My Brother Peter
My brother, Peter, passed away peacefully Thursday 14th October 2021 at 2:30 am. l’m writing this because I think it is incredibly important to let people know how lucky we are to have the civilised choice of VAD (Voluntary Assisted Dying) in Victoria. Please don’t feel obliged to read this account of his passing if you feel it will distress you but, believe me, if you’d seen the release on my brother’s face you could only feel relieved, too.

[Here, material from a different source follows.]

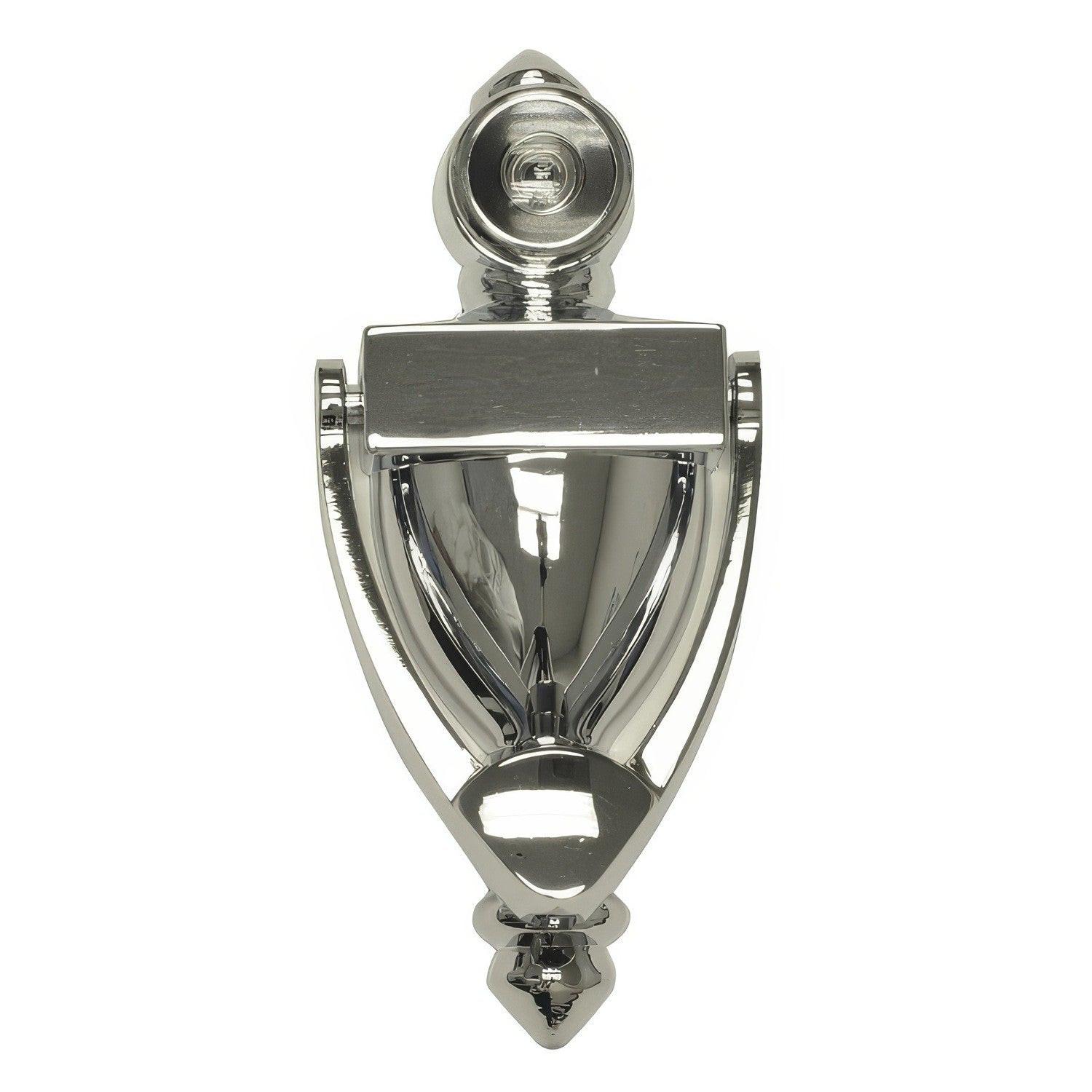 Better Home Products 5-1/2" Door Knocker Viewer Set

I will start with my brother’s funeral. Peter’s funeral took place on a day filled with rain and wind and hail and wild weather. It was heartfelt, sad and poignant! We all had a deep feeling of connection to one another, there was warmth, there was laughter, there was crying, there were questions, and answers. There was colour, and of course sadness. We all felt a deep acceptance that reality is just what it is, and a deep faith to trust that everything is the way it’s meant to be, as hard as that is. It was so fitting that my brother’s beautiful grandchildren, aged 2 years to 6 years, were there to witness the full spectrum of life. Just what he would have expected. I am proud of my family and sad at the loss of an incredible and generous human being, my brother Peter.

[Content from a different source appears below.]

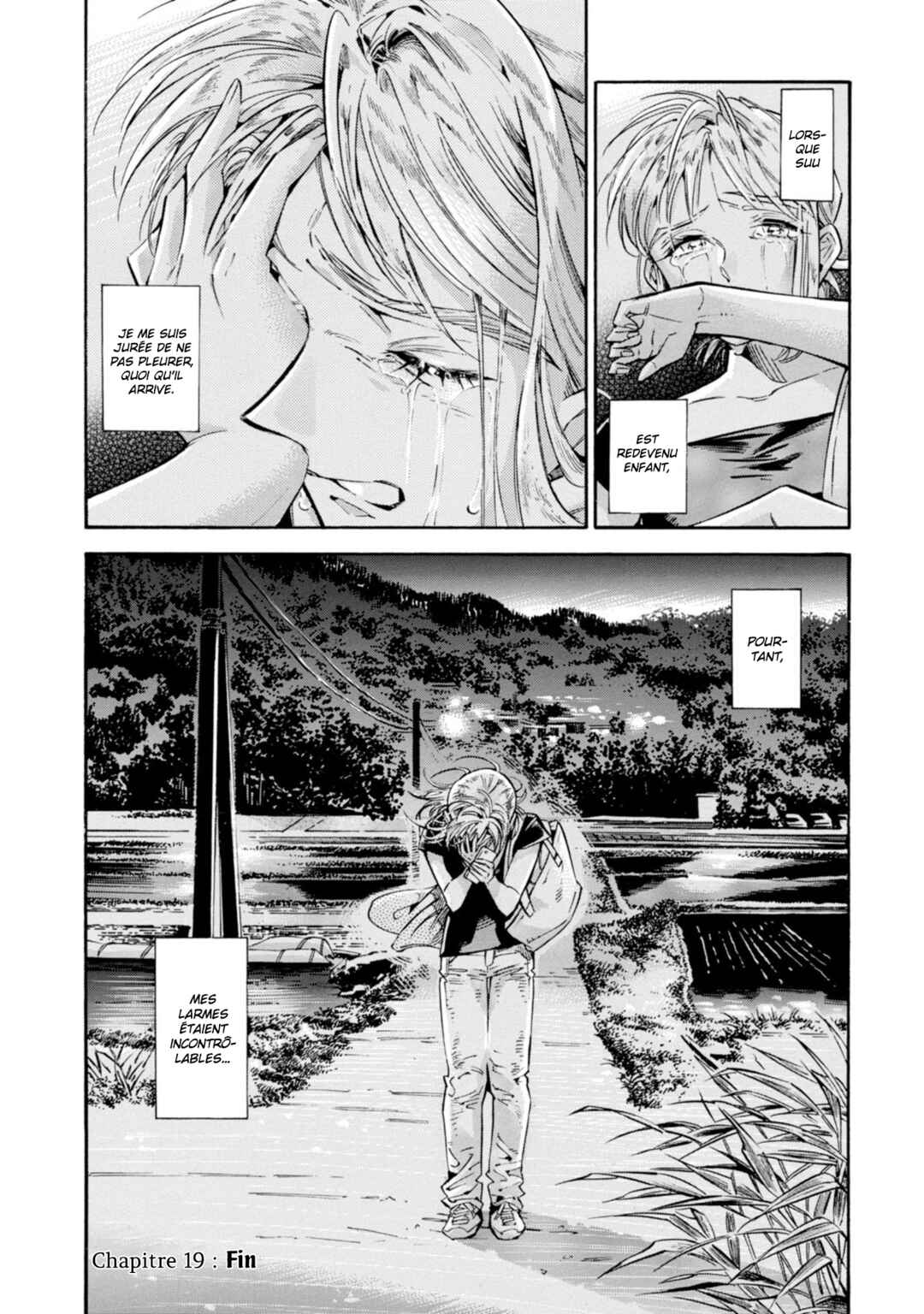 Subaru to Suu-san Chapter 19 - Page 34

Peter was diagnosed with Pancreatic Cancer in July 2020. We were told that with aggressive chemo he could have 6 months – 5 years. Miraculously, he went into remission after his first round of chemo. The side effects of the chemo were bearable and generally Peter made us all feel comfortable with his treatment. He had another round of chemo to make sure they had got all the cancer. In late January he had a scan to investigate some pain he was having and once again had to get back on the roundabout of treatment. Peter made us believe that all was going well and hopeful, kept our spirits up and all of us believing in a reprieve from treatment and this aggressive cancer.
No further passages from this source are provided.